In plain English
A legal hold freezes specific data in place — even if normal retention policies would delete it — to ensure it's available for legal proceedings. In Microsoft Purview, a legal hold can be applied to a specific user's mailbox and SharePoint content, preserving everything they send, receive, and save for the duration of the matter.
Full definition
When litigation is on the horizon, normal data management stops. Scheduled deletions pause. Retention policies that would ordinarily purge old emails no longer apply. Everything relevant to the matter gets frozen in place until a court or legal team says otherwise.
A legal hold is that instruction, documented and applied to specific custodians or content sources. In , a legal hold can be placed on an individual mailbox, a site, or a Teams channel. Everything within scope is preserved regardless of what the user does afterwards, including content the user deletes from their own view. The hold is invisible to the person it applies to.
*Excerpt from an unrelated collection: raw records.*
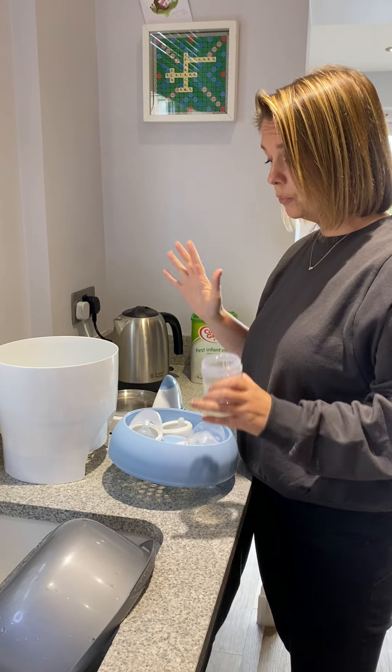Your instructions will normally tell you the best way to stack it to get all the bottles you need into it, and they're all very different on the length of time they take. Once it's a completely sealed unit with all aspects of your bottles inside the steriliser, you're ready to go.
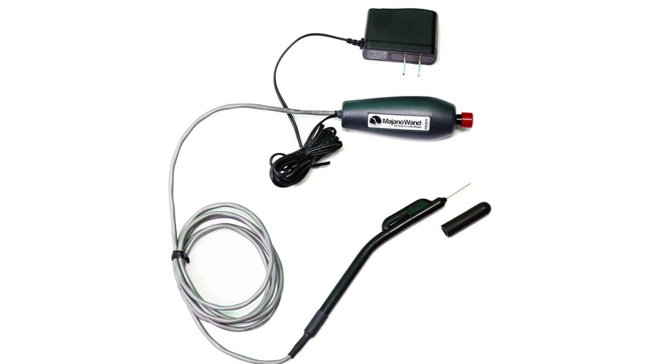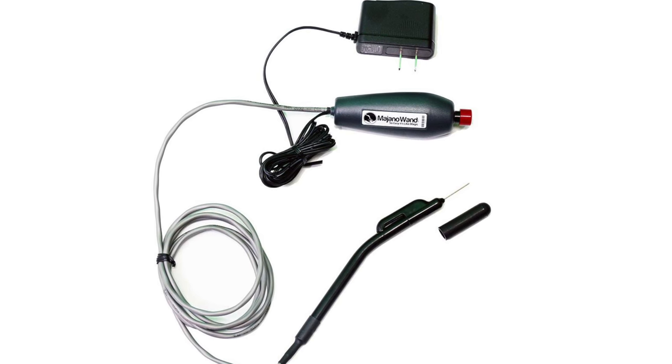For those of us that have smaller tanks, there's also the mini Majano Wand to make cleaning up nano tanks a bit easier. If you're looking to rid your tank of these persistent pests, the Majano Wand is a great tool to have in your arsenal.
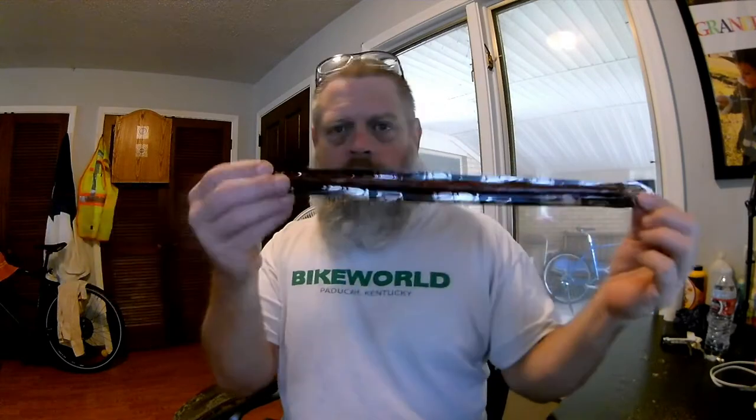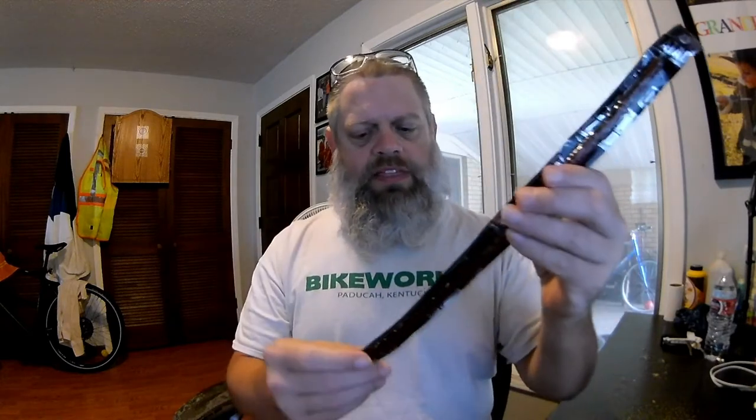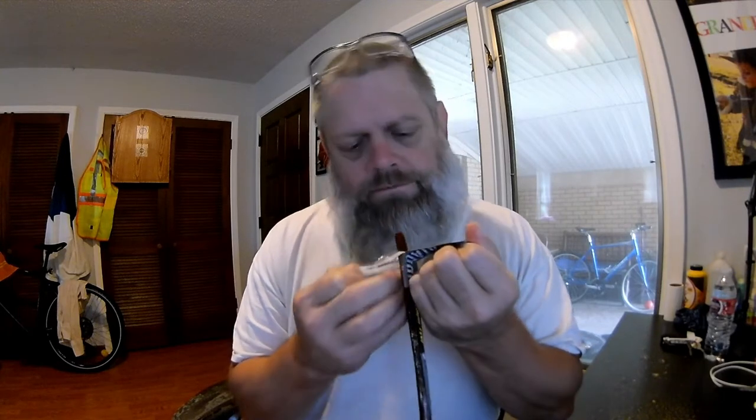Okay food, what are we going to taste today? What have I got for you today? I have got Mantador — Mantador Flaming Hot — a beef jerky type stick thing. Flaming hot guys, I have a feeling this is gonna set me on fire. Let's give it a try.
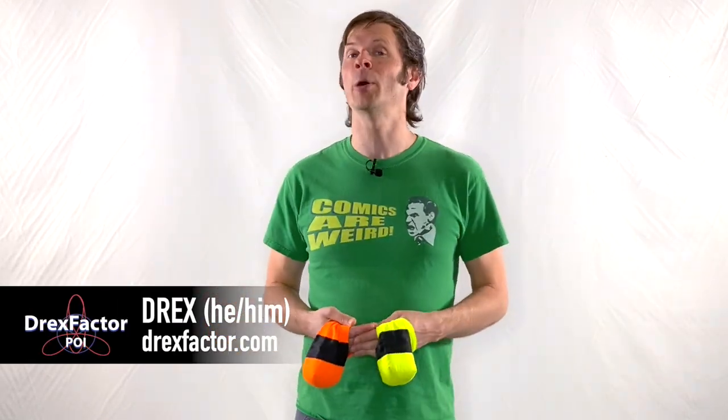Hey friends, Drex here from Drex Factor Poi sharing with you the love of poi spinning and flow arts to benefit your body and brain. A couple weeks ago I uploaded a video of myself performing an anti-braid combo that got a lot of attention and a lot of requests for me to show how all the different transitions I'm using in it work. So your wish is my command.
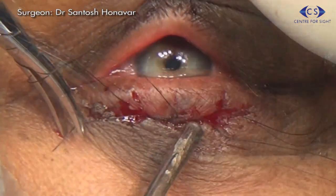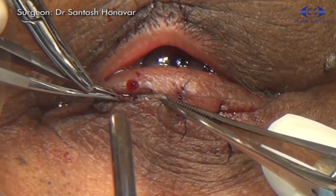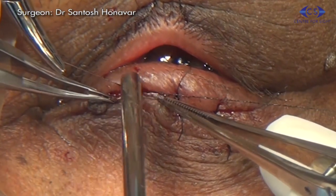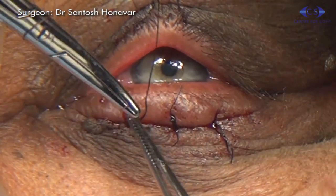The endpoint is just adequate correction. There should be no overcorrection on the table, especially medially, to minimize the risk of punctal eversion and consequent epiphora.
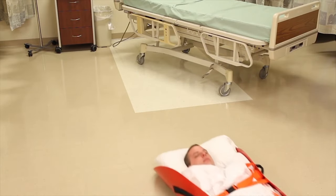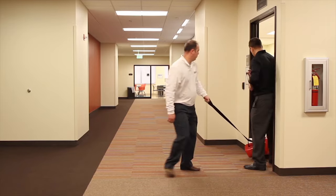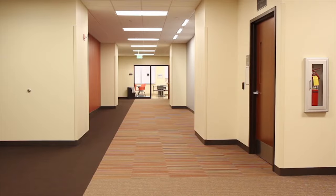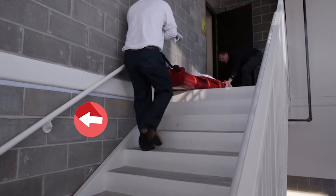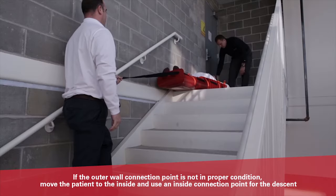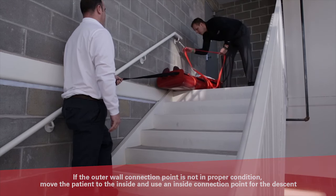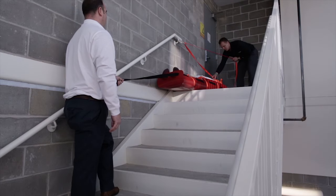Proper body mechanics are critical. Stand straight up, leaning away from the patient. Extend your arms fully and communicate with your partner so you are pulling together. Always face the direction in which you are pulling. The ideal position of the patient in the stairwell is along the outer wall, which typically gives the best connection point for the carabiner and makes the transition on each landing easier. Once the sender has properly positioned the patient, they will disengage the stairwell braking system at the head end of the sled and connect the carabiner to the highest anchor point at the top of the stairs.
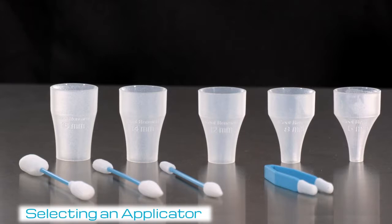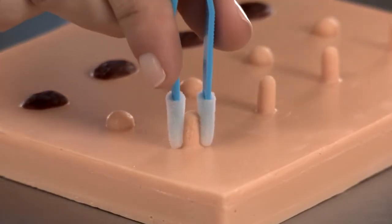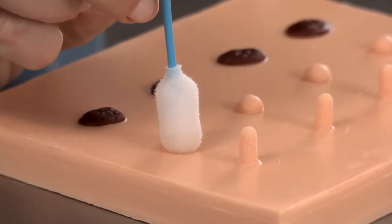Select an applicator based on the size and location of the lesion being treated. To ensure destruction of the entire lesion, the applicator chosen should be approximately 1 mm greater than the lesion.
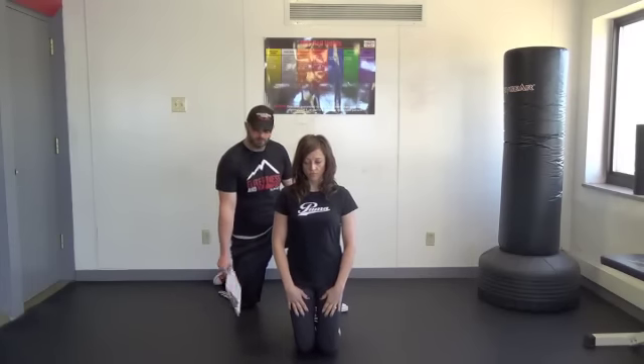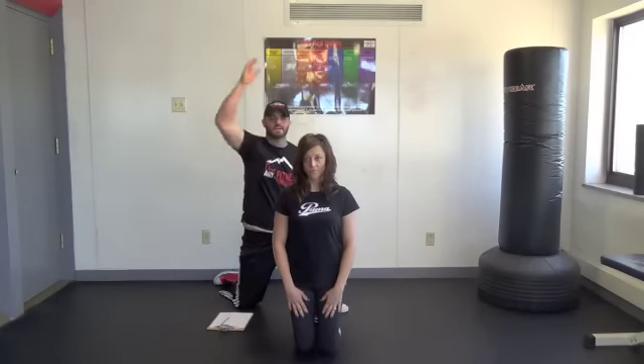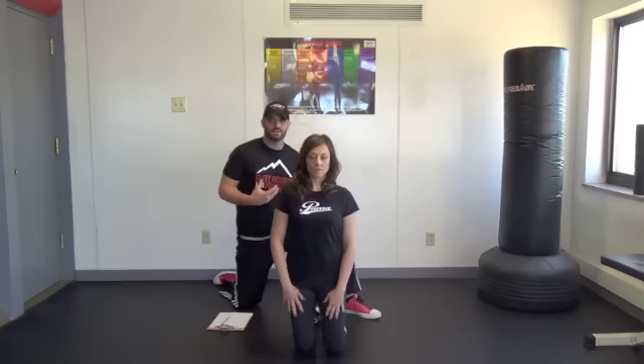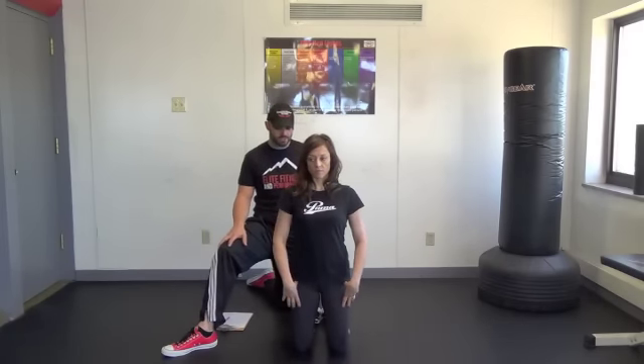Kneeling hold breathing. I have a client who puts their arms up over their head and takes a breath, and they're not getting the breath I need. I want to work on them breathing in that position, so if they're dialed in in other positions but having a hard time with arms overhead, then I want to start them from a kneeling position.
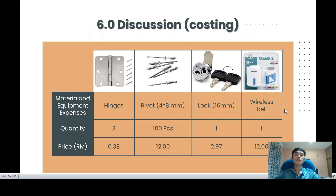The next section is discussion. There are 4 things that we added into our project proposal, which is additional components for the postbox. The first one is hinges, quantity 2, total price RM6.38. The second one is rivets, 4 times 8 millimeters, quantity 100 pieces per bag, total price RM12. The third one is a lock, 16 millimeters, quantity 1, total price RM2.97. Lastly, a wireless doorbell, quantity 1, total price RM12.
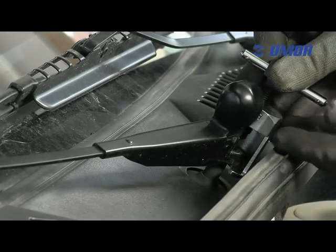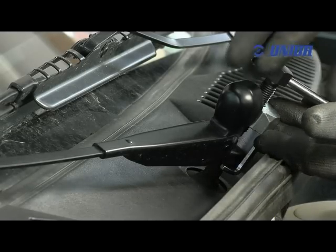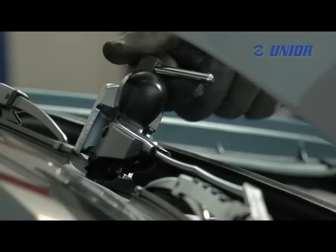They are used for removing wipers that are elevated above the surface of the car body. Working with this tool is straightforward and quick.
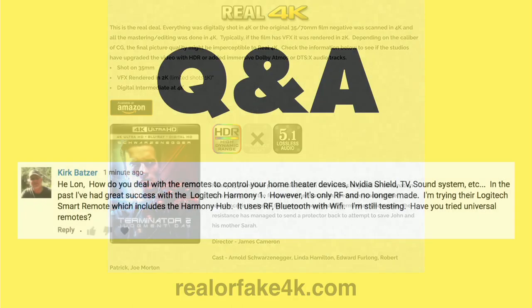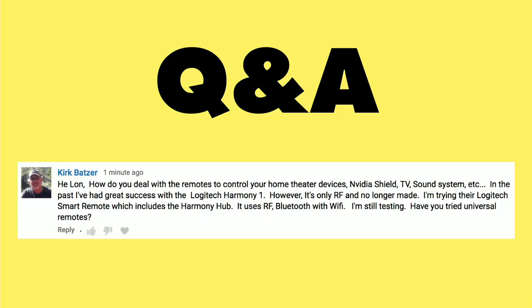This next question from Kirk Batzer is representative of a few other comments I had about all of the remote controls on my coffee table in my home theater room for my OLED television review. The reality is I'm not using most of those remotes. Some of them are for devices I've since stopped using and I never took the remotes away, so I've got a bunch on the coffee table and more in a bin behind it.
Failing to act on a legal hold obligation carries real consequences in Australian civil litigation. If a party cannot produce documents that should have been preserved, courts can draw adverse inferences about why those records are missing. For organisations under a regulatory investigation, the obligation to preserve relevant data can arise before any formal legal proceeding begins. Legal teams and IT administrators need a clear process for receiving hold instructions, identifying the right custodians, applying the hold in the relevant systems, and confirming it is working. An informal email chain is not a defensible record of that process.